FutureWarning: The module torch.distributed.launch is deprecated and will be removed in future.

本文指导如何在服务器上处理PyTorch警告,推荐使用新工具torchrun替代torch.distributed.launch,包括升级PyTorch版本、替换命令行及处理FutureWarning。

摘要生成于 C知道 ,由 DeepSeek-R1 满血版支持, 前往体验 >

在服务器上跑代码的时候有的时候会出现一系列的警告,虽然不是错误,但是看着也不舒服,于是就动手给他解决一下
要解决这个问题,需要使用torchrun来替代torch.distributed.launch。torchrun是一个新的工具,可以用于在分布式环境中运行PyTorch训练脚本。它已经默认设置了–use-env选项
1、首先要先确保pytorch版本是比较新的,可以使用以下命令升级PyTorch:这里一定要记住升级的时候你的torch版本要符合你的代码所使用的版本,否则不要满盲目更新。

pip install --upgrade torch

2、然后,将训练脚本中的torch.distributed.launch替换为torchrun。
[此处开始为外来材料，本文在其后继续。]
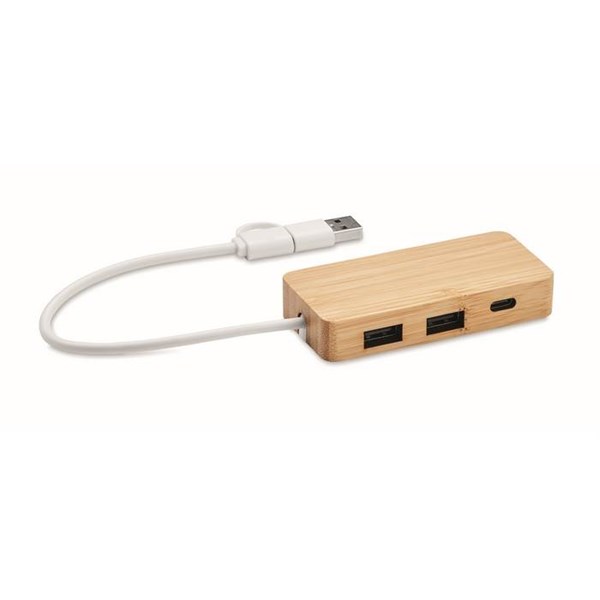 Obrázky: Tříportový bambusový USB rozbočovač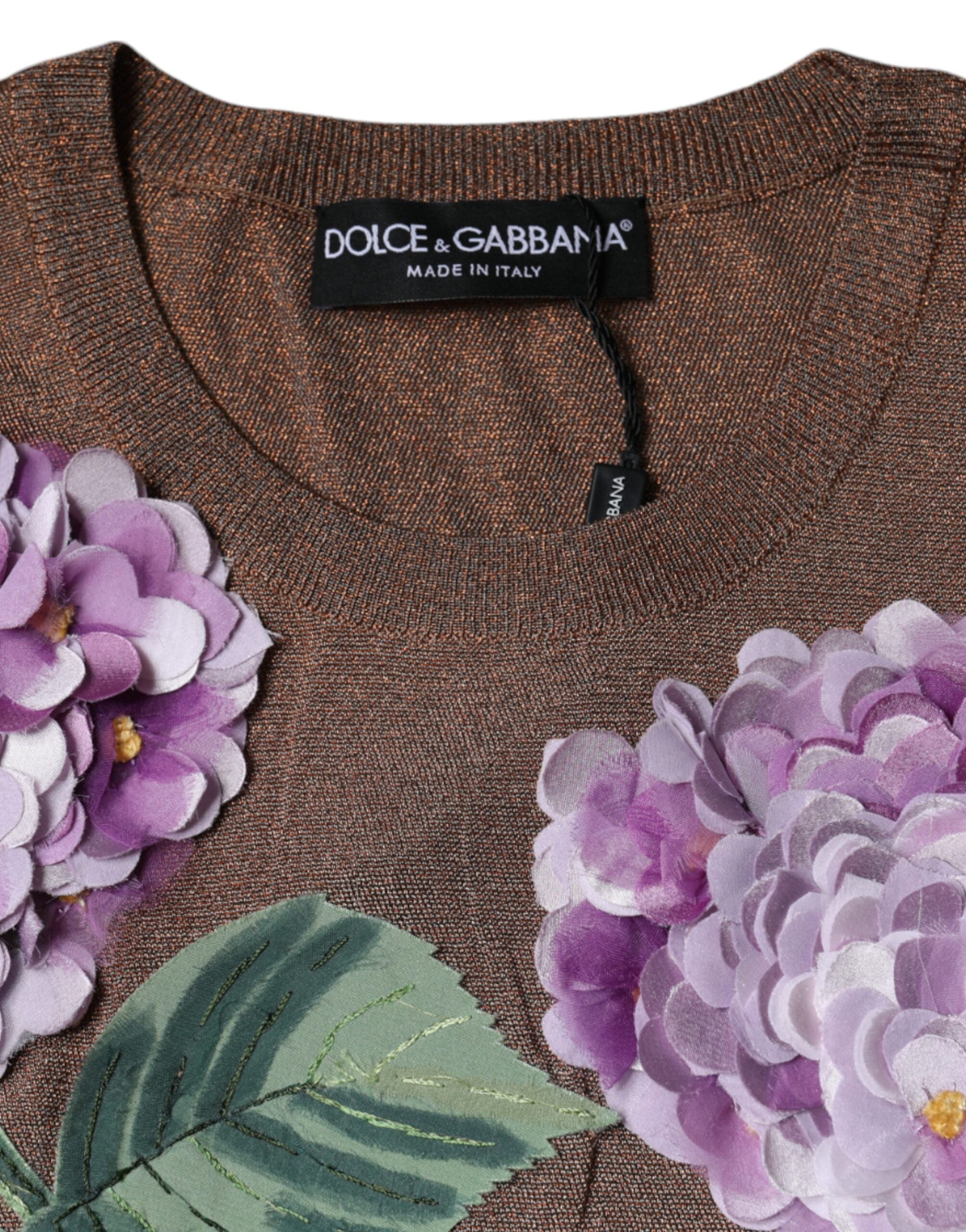 Dolce & Gabbana Καφέ Floral Απλικέ Βισκόζη Μπλουζάκι με Κοντά Μανίκια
例如,如果原始命令如下

python -m torch.distributed.launch --nproc_per_node=2 train.py

将其修改为下面的命令:

python -m torch.distributed.run --use-env --nproc_per_node=2 train.py

如果出现下面的情况
在这里插入图片描述
将命令中的–use-env去掉,使用下面的命令:

python -m torch.distributed.run --nproc_per_node=2 train.py

3、保存并运行修改后的命令。
通过这些步骤,将能够解决FutureWarning并使用torchrun来替代torch.distributed.launch。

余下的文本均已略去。